Prime Minister Theresa May defended her decision to ask arch rival Jeremy Corbyn to help draft a new blueprint for Brexit and warned the UK might never leave the European Union (EU) if he doesn't back a compromise plan.

"The longer this takes, the greater the risk of the UK never leaving at all," May said in a statement. "It would mean letting the Brexit the British people voted for slip through our fingers. I will not stand for that."

May is battling to contain a backlash from within her Conservative Party over her decision to work with Labour Party leader Corbyn, someone she's spent three years deriding. Coming up with an acceptable compromise to her own lawmakers in response to the 2016 referendum has been beyond her, and the deadlock shows no sign of being resolved by reaching out to the opposition.

Inviting Corbyn into the process is "a mistake", prominent pro-Brexit Conservative lawmaker Jacob Rees-Mogg said in an interview with Sky News on Sunday.

"There is an irony, at the very minimum, of saying one week that one thinks Mr Corbyn is dangerous and unfit for office, and the next week deciding to co-habit with him."

But the prime minister’s allies pointed to the pragmatism of the decision, even if it is done "through gritted teeth", according to Leader of the House of Commons Andrea Leadsom.

"Working with Jeremy Corbyn is not something I want to do at all, it's not what the Prime Minister wants to do, but far worse than that would be to fail to deliver on Brexit," she said in an interview on the BBC's "Andrew Marr Show". "That would be the appalling thing".

May badly needs a breakthrough in London before she travels to Brussels on Wednesday. She's requested an extension to the Brexit process until June 30, but says if MPs agree to a deal, the U.K. should be able to leave before European parliamentary elections are held on May 23. Education Minister Nadim Zahawi told the BBC that taking part in those elections would be a "suicide note" for the Conservative Party.

May sought to underline that both main political parties have a lot of common ground to secure an agreement.

"We both want to end free movement, we both want to leave with a good deal, and we both want to protect jobs," she said.

But her efforts to forge a compromise across political boundaries look to be dribbling into the sand.
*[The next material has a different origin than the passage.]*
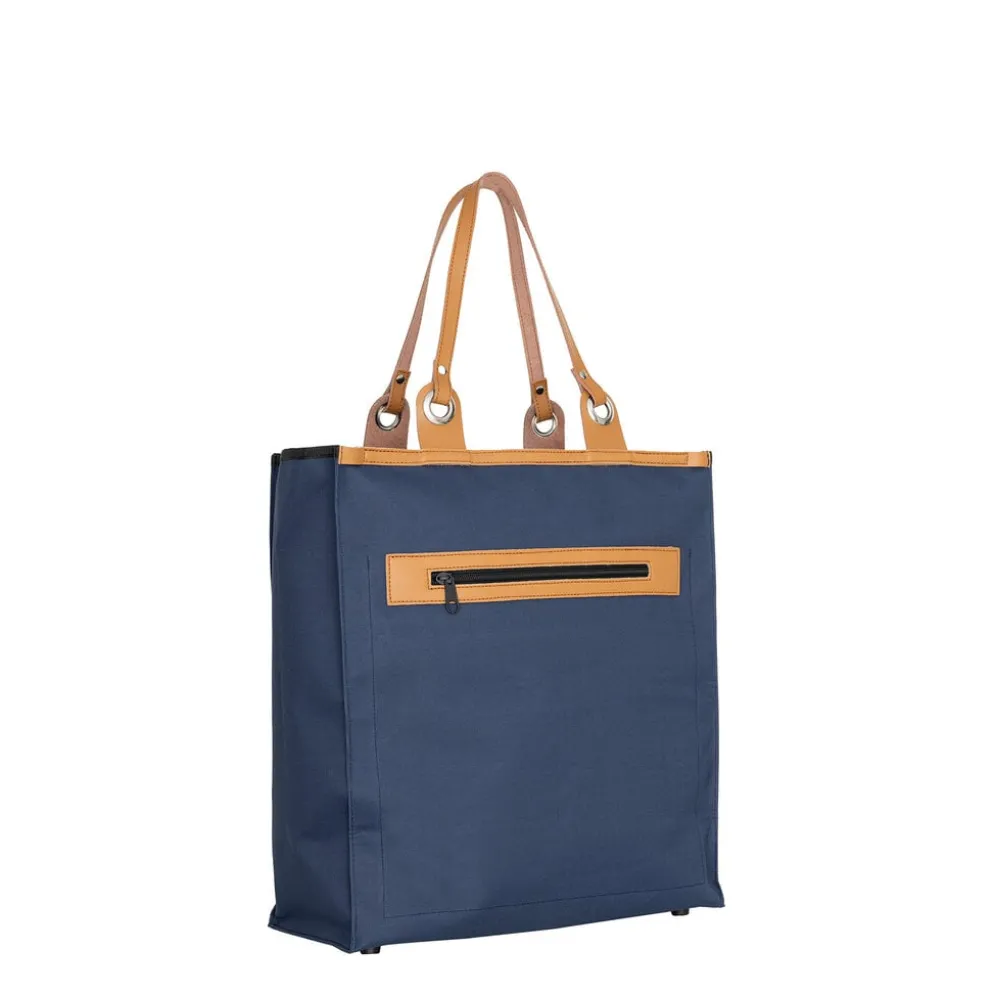 Boodschappentas ‘Starry Night ’ – Stevige Nylon Shopper met Leren Hengsels – Van Gogh Print – 39x43 cm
The Labour Party says May hasn’t offered "real change" to her Brexit deal that Parliament has rejected three times - by chunky margins on each occasion. Labour's key demand is for a customs union with the EU.
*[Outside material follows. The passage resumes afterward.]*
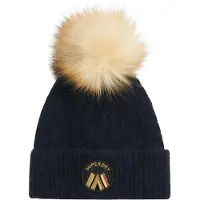 Superdry Femme Bonnet en Maille Torsadée Luxe, Bleu Marine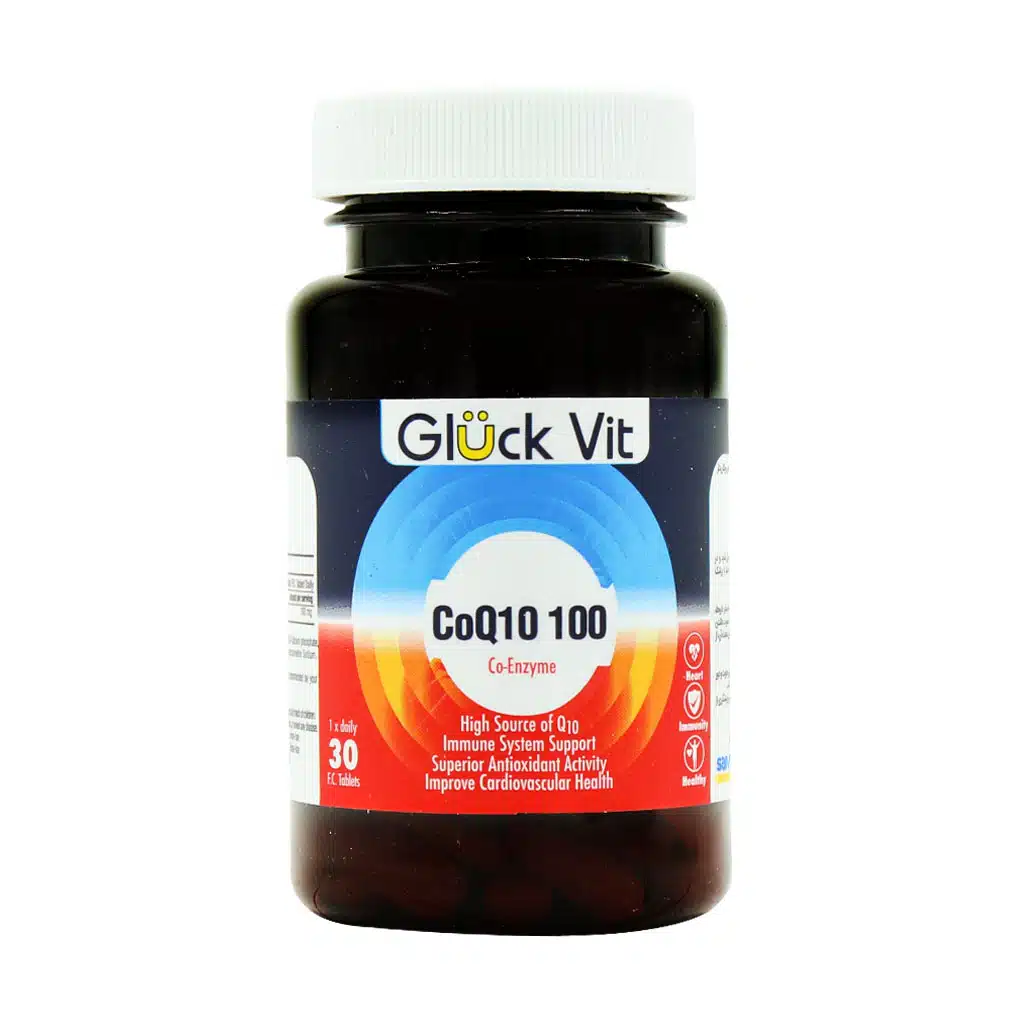 Gluck-Vit-CoQ10-100-Mg-30-FC-Tabs.jpg.webp قرص کوکیوتن 100 میلی گرم گلوک ویت 30 عدد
According to the Sunday Times, May is prepared to cede some ground. She'll offer to rewrite the government's withdrawal bill to make sure a customs arrangement is enshrined in law, a move that would be hard for a future euro sceptic PM to retract after May steps down.

Also, her aides have discussed offering Labour a seat in her delegation to Wednesday's EU summit, the newspaper reported.

And while EU leaders aren't united on how long the extension should last, Irish Prime Minister Leo Varadkar told RTE on Saturday it would be "extremely unlikely" that one of the EU's 27 other countries would veto May's request.